_Your objective_. Exactly transcribe the span of lines from the one containing "Proteros Product Image" through the final line of the entries, inclusive, and nothing outside it. Exclude the pictures.

_Available records_.

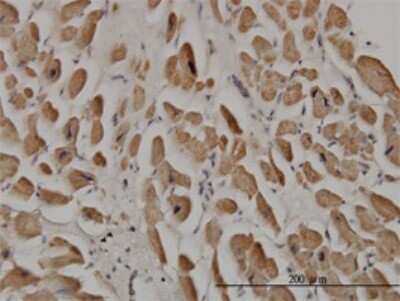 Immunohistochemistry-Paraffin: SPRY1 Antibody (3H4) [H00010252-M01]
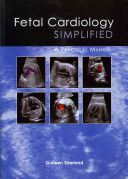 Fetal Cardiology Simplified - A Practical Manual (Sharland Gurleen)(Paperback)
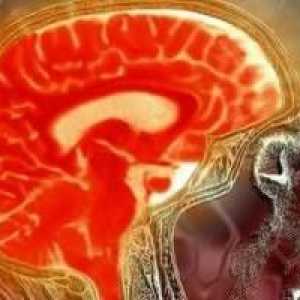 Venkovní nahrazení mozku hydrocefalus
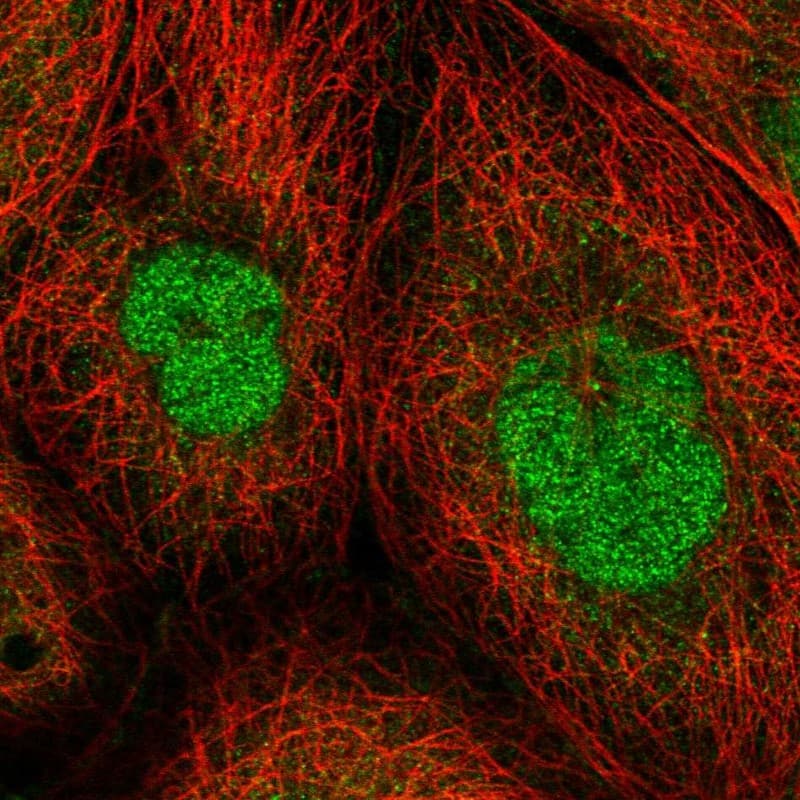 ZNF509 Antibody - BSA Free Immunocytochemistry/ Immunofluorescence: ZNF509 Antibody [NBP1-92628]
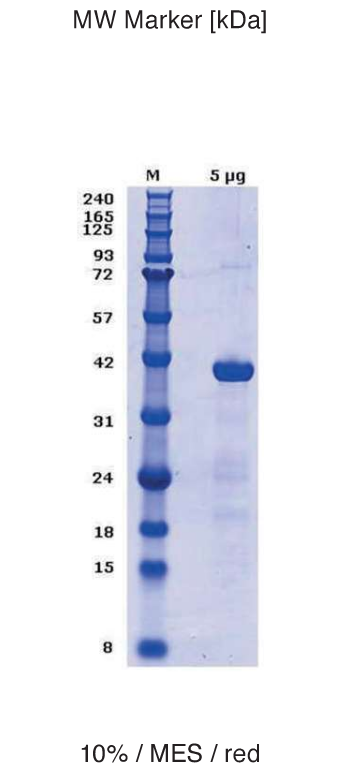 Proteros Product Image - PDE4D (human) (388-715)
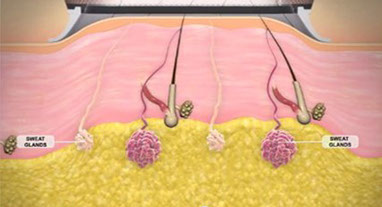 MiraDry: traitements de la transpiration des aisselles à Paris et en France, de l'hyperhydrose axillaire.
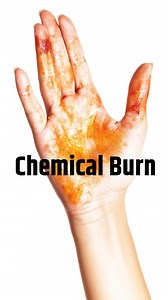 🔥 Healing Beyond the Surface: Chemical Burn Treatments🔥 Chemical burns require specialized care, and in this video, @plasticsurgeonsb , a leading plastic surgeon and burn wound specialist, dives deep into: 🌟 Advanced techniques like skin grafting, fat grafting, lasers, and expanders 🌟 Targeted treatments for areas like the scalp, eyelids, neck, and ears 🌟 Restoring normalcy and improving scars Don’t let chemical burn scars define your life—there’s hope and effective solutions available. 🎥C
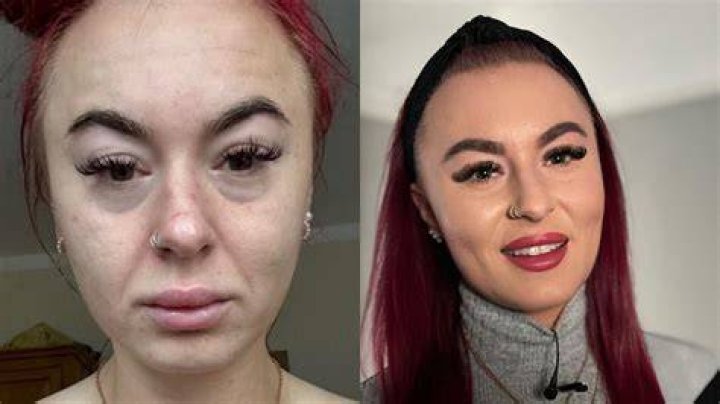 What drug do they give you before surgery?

_Task output_.
 Proteros Product Image - PDE4D (human) (388-715)
 MiraDry: traitements de la transpiration des aisselles à Paris et en France, de l'hyperhydrose axillaire.
 🔥 Healing Beyond the Surface: Chemical Burn Treatments🔥 Chemical burns require specialized care, and in this video, @plasticsurgeonsb , a leading plastic surgeon and burn wound specialist, dives deep into: 🌟 Advanced techniques like skin grafting, fat grafting, lasers, and expanders 🌟 Targeted treatments for areas like the scalp, eyelids, neck, and ears 🌟 Restoring normalcy and improving scars Don’t let chemical burn scars define your life—there’s hope and effective solutions available. 🎥C
 What drug do they give you before surgery?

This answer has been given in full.